Molecular interactions between Pea enation mosaic virus and its pea aphid vector
Insect transmission of plant viruses results in tremendous economic loss within the agricultural sector worldwide. Aphids account for nearly half of insect-borne plant virus transmission. Viruses in the family Luteoviridae are transmitted by aphids in a persistent-circulative manner that requires specific molecular interactions between the aphid and virus. Ingested virions cross the aphid gut and salivary gland epithelial barriers using receptors that have not been identified. We assessed the binding of a model luteovirid, Pea enation mosaic virus (PEMV), to brush border membrane vesicles (BBMV) of the pea aphid, Acyrthosiphon pisum using a two-dimensional far-western blot method. Pea aphid membrane alanyl aminopeptidase N (APN) was identified by mass spectrometry following specific binding to PEMV virions and to a PEMV coat protein-eGFP fusion peptide (CP-P-eGFP). The binding of PEMV to APN was confirmed by multiple methods including a pull-down assay, surface plasmon resonance (SPR) analysis, and by increased binding of CP-P-eGFP to baculovirus-expressed pea aphid APN in Sf9 cells. We also show that a peptide (GBP3.1) that was previously shown to impede uptake of PEMV into the pea aphid also binds to APN. Based on these results, we conclude that APN is a putative gut receptor for PEMV in the pea aphid and if confirmed would be the first insect receptor identified for a plant virus. Interestingly, PEMV appears to bind to a different, as yet unidentified, receptor in a second vector, Myzus persicae, suggesting that different gut receptors may be used by luteoviruses in different vector species.
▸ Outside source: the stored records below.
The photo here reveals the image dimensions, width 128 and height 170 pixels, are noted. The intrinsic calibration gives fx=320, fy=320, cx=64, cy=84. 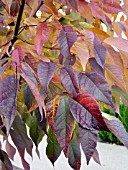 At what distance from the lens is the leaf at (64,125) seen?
53 cm

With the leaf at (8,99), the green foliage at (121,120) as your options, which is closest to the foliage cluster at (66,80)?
the leaf at (8,99)

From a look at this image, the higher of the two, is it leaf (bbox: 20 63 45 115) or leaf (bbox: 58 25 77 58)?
leaf (bbox: 58 25 77 58)

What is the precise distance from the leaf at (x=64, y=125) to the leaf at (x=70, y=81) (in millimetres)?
42

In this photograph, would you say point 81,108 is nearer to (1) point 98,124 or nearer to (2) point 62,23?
(1) point 98,124

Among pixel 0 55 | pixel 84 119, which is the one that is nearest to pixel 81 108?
pixel 84 119

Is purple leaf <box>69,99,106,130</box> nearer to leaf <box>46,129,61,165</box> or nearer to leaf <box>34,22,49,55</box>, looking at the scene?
leaf <box>34,22,49,55</box>

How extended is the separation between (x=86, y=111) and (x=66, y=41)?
0.18 meters

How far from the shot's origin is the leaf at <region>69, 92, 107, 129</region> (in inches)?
20.1

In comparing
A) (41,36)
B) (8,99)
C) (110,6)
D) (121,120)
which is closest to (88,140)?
(8,99)

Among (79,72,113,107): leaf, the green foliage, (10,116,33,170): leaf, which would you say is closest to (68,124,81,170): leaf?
(10,116,33,170): leaf

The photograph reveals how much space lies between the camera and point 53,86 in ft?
2.36

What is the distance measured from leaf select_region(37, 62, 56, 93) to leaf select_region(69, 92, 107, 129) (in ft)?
0.19

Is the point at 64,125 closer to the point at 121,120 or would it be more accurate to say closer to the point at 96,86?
the point at 96,86

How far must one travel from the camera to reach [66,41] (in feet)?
2.12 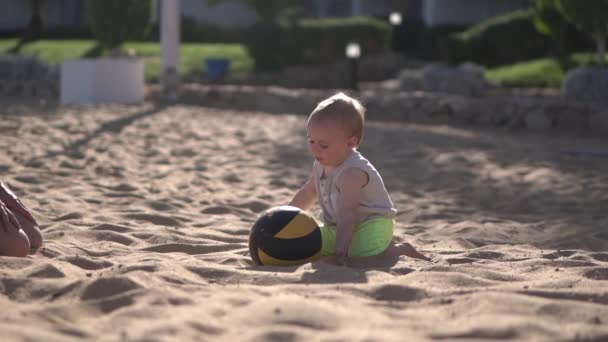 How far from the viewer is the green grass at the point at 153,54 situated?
61.9 ft

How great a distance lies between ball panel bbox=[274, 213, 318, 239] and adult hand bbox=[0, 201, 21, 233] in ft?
4.16

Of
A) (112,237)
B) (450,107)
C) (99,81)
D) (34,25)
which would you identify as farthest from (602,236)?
(34,25)

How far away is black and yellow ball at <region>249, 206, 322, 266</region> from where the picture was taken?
4.15m

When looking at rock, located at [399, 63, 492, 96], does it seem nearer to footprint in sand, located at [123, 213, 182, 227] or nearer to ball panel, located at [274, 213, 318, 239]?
footprint in sand, located at [123, 213, 182, 227]

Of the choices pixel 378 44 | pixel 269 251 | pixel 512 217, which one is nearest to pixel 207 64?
pixel 378 44

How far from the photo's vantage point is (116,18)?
18812 millimetres

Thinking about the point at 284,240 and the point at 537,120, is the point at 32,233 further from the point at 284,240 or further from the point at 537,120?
the point at 537,120

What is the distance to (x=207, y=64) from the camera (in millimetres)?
17516

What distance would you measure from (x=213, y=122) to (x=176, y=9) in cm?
430

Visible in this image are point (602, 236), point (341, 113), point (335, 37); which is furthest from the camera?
point (335, 37)

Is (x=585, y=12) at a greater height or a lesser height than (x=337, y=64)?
greater

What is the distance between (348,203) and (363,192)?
182 millimetres

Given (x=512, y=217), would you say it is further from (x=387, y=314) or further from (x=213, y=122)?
(x=213, y=122)

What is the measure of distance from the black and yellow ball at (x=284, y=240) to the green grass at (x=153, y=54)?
13912 mm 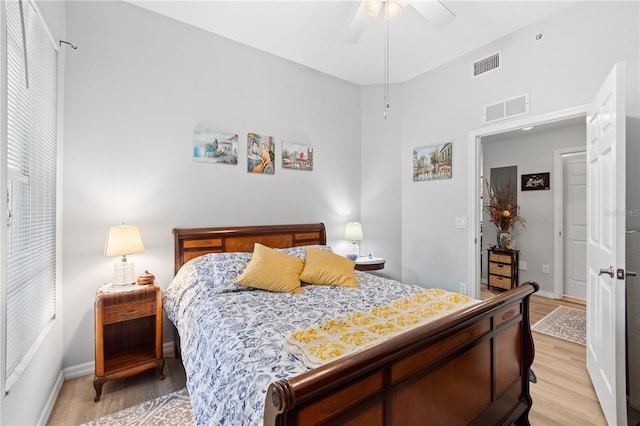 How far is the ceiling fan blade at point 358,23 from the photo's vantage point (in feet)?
7.10

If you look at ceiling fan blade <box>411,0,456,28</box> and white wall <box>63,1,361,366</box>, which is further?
white wall <box>63,1,361,366</box>

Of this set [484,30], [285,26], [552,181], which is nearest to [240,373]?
[285,26]

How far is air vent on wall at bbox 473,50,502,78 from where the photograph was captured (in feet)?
9.77

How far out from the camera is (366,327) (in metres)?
1.59

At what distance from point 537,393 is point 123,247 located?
3.18 m

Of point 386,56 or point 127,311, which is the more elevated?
point 386,56

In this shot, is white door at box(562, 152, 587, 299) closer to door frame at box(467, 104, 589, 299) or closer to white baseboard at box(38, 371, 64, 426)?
door frame at box(467, 104, 589, 299)

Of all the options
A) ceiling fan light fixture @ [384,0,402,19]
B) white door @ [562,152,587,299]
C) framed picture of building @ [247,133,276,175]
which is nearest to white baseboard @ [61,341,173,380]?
framed picture of building @ [247,133,276,175]

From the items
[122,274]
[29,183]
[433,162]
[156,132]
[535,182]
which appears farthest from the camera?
[535,182]

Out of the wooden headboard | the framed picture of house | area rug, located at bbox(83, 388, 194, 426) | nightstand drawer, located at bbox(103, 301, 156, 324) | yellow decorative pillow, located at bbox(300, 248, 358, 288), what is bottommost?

Luteoviruses are acquired when aphids ingest the phloem sap of an infected plant. Phloem proteins have been shown to associate with luteovirus particles and facilitate aphid transmission in in vitro feeding assays. We showed an increase of virus in the hemocoel of aphids fed on artificial diet containing purified PEMV with bovine serum albumin (BSA) compared to aphids fed on virus in the absence of BSA. Interestingly, BSA reduced the amount of a mutant virus lacking the minor structural protein readthrough domain (RTD) detected in the aphid hemocoel. We also demonstrated that the PEMV RTD binds to multiple aphid proteins. SPR analysis indicated that the CP and RTD both bind to BSA. Based on these data, models are presented to account for the role of the RTD and mechanism by which BSA and plant proteins facilitate virus entry into the aphid hemocoel.
Little is known about the role of glycans in mediating luteovirus-aphid interactions. We used the lectins Concanavalin A (ConA) and Galanthus nivalis agglutinin (GNA) for lectin blot analysis of BBMV and confirmed that pea aphid proteins are glycosylated with mannose and glucose moieties. APN, the PEMV gut receptor, is glycosylated with mannose residues. However, we did not detect any binding of PEMV to a synthesized tri-mannose glycan that is common in insects using both isothermal titration calorimetry or a carbohydrate microarray. These results suggest that mannose by itself is not involved in PEMV-APN binding. ConA bound to PEMV indicating that viral structural proteins are glycosylated. The potential role of virus glycosylation in aphid transmission of luteoviruses is discussed. Taken together, our increased understanding of luteovirus-aphid vector interaction will facilitate research into other plant virus-insect vector systems, and the development of mitigation strategies.